How to Calculate Actual Wages When You Pay Medical Insurance & Contribute to a 401(k)

If your employer is not required to give you a pay stub and chooses not to, it can be difficult to understand how you were paid. Further, if you contribute to a 401(k) retirement account and a medical insurance plan, figuring out your take-home pay can be confusing even if you have a pay stub. This is because your premiums and contributions may not be taxable, which depends on the type of insurance and retirement plan that you have. If you know how these deductions are made, you can determine your actual earnings.

Instructions

    • 1

      Determine if your medical insurance is pretax. Specifically, if you have a cafeteria plan, which meets the criteria of section 125 of the Internal Revenue Code, your premiums are pretax. These types of deductions may show on your pay stub as Sec-125 Med for medical insurance and Sec-125 Den for dental. Pretax medical deductions are not subject to federal income tax, Social Security tax, Medicare tax and, in most cases, state and local income tax. The result is that they lower your taxable wages.

    • 2

      Determine if your 401(k) contributions are pretax.
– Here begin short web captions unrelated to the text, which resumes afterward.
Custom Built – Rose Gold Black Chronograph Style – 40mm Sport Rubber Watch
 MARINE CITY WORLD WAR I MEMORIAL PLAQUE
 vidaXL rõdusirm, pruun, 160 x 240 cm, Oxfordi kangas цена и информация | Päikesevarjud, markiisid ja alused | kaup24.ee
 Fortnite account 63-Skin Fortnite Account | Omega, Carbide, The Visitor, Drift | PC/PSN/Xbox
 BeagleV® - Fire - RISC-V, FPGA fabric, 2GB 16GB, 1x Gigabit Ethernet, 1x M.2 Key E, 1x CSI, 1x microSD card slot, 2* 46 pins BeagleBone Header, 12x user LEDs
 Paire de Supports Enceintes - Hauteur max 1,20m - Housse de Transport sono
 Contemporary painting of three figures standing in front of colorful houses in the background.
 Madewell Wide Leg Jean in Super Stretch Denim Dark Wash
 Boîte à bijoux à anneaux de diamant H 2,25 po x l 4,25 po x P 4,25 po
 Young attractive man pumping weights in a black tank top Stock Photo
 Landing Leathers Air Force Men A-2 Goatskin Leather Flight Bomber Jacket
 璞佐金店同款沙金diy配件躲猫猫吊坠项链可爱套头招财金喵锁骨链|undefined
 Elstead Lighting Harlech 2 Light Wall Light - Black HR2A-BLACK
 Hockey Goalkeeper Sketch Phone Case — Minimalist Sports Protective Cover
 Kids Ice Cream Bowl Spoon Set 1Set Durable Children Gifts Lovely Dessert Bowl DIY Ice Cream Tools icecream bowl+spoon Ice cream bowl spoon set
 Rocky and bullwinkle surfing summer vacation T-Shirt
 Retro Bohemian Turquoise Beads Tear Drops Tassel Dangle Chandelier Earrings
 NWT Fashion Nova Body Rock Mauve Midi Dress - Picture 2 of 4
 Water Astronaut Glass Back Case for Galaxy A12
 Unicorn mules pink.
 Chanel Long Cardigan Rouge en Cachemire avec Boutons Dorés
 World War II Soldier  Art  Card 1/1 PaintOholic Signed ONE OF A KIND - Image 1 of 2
If you have a traditional 401(k) plan, your contributions are pretax. If you have a Roth 401(k), it’s post-tax, which means your contributions are made after subtracting income tax. Pretax 401(k) contributions are not subject to federal income tax and, in most cases, state and local income tax, but they are subject to Social Security and Medicare taxes.

    • 3

      Contact the state or local revenue agency to determine whether pretax deductions are taxable for state and local income tax purposes. In most cases they do not apply; however, they can be taxable, like in Pennsylvania.

    • 4

      Subtract pretax medical insurance premium from your gross pay before calculating federal income tax, Social Security tax and Medicare tax. The remainder is your taxable wages for federal tax purposes.

    • 5

      Calculate federal income tax by applying the IRS’ Publication 15 tax-withholding table that matches the filing status and number of allowances that you put on your W-4 form, plus your pay period and taxable wages.

    • 6

      Compute applicable state and local income tax from your taxable wages by applying the state or local revenue agency’s guidelines. In many cases, the state uses a system similar to federal income tax withholding, except that you use your state tax form and the state tax-withholding tables to figure out the withholding. If not, the state may require that your employer use a flat percentage to calculate the tax.

    • 7

      Subtract post-tax medical and 401(k) from your wages after deducting taxes if your medical and 401(k) plans are not pretax. The remainder is your net or take-home wages.

Tips & Warnings

  • If you have a wage garnishment, deduct the garnishment from your wages after deducting payroll taxes. Specifically, wage garnishments are deducted from disposable income, which is your pay after mandatory deductions.

  • If necessary, ask your human resources department for a list of pretax deductions and applicable taxes.